Creating customers table
I’ve created a minimum customer table for this example. Customer will have Id, Company and Country fields. Here’s the SQL code to create the table:
USE [mySalesData]
GO
SET ANSI_NULLS ON
GO
SET QUOTED_IDENTIFIER ON
GO
CREATE TABLE [dbo].[customers](
[id] [int] NOT NULL,
[company] [nchar](30) NOT NULL,
[country] [nchar](30) NOT NULL,
CONSTRAINT [PK_customers] PRIMARY KEY CLUSTERED
(
[id] ASC
)WITH (PAD_INDEX = OFF, STATISTICS_NORECOMPUTE = OFF,
IGNORE_DUP_KEY = OFF, ALLOW_ROW_LOCKS = ON,
ALLOW_PAGE_LOCKS = ON) ON [PRIMARY]
) ON [PRIMARY]
GO
If everything went well, go on and add some sample data to that table. I’ve added these:
insert into customers (id,company,country) values(1,'Company A', 'USA')

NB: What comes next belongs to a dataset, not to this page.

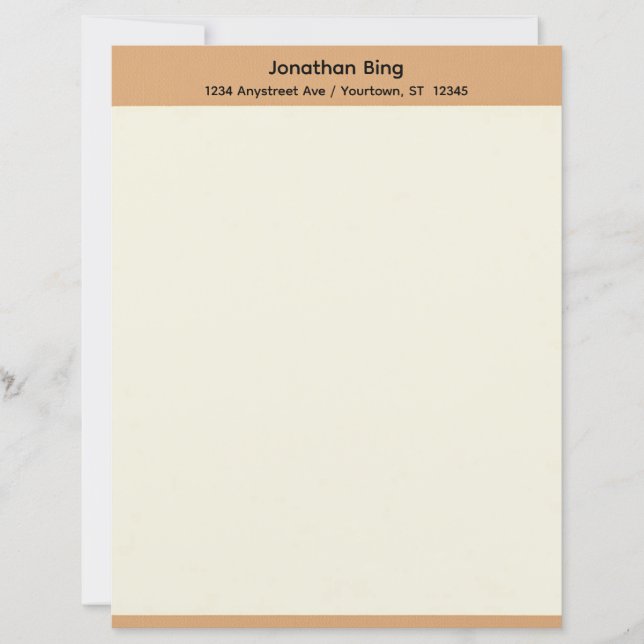 Braun- und cremefarbene Schreibwarenpapier (Vorderseite)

insert into customers (id,company,country) values(2,'Company B', 'USA')
insert into customers (id,company,country) values(3,'Company C', 'Canada')
insert into customers (id,company,country) values(4,'Company D', 'Denmark')
insert into customers (id,company,country) values(5,'Company E', 'Egypt')
insert into customers (id,company,country) values(6,'Company F', 'France')
As you can see, I’ve created 6 different customers from 5 different countries. For simplicity, customers are called Company A-F.
Creating products table
Another simple table for products data. Products table will have 4 fields: Id, Code, Category and Name. Here’s my SQL create code:
USE [mySalesData]
GO
SET ANSI_NULLS ON
GO
SET QUOTED_IDENTIFIER ON
GO
CREATE TABLE [dbo].[products](
[id] [int] NOT NULL,
code [nchar](10) NULL,
[category] [nchar](15) NULL,
[name] [nchar](30) NULL,
CONSTRAINT [PK_products] PRIMARY KEY CLUSTERED
(
[id] ASC
)WITH (PAD_INDEX = OFF, STATISTICS_NORECOMPUTE = OFF,
IGNORE_DUP_KEY = OFF, ALLOW_ROW_LOCKS = ON,
ALLOW_PAGE_LOCKS = ON) ON [PRIMARY]
) ON [PRIMARY]
GO
Now we also need to add some sample data to that table. I’ll create a simple set of computer store products.
insert into products (id, code, category, name) values(1, 'PROC01', 'Processors', 'Processor A')
insert into products (id, code, category, name) values(2, 'PROC02', 'Processors', 'Processor B')
insert into products (id, code, category, name) values(3, 'PROC03', 'Processors', 'Processor C')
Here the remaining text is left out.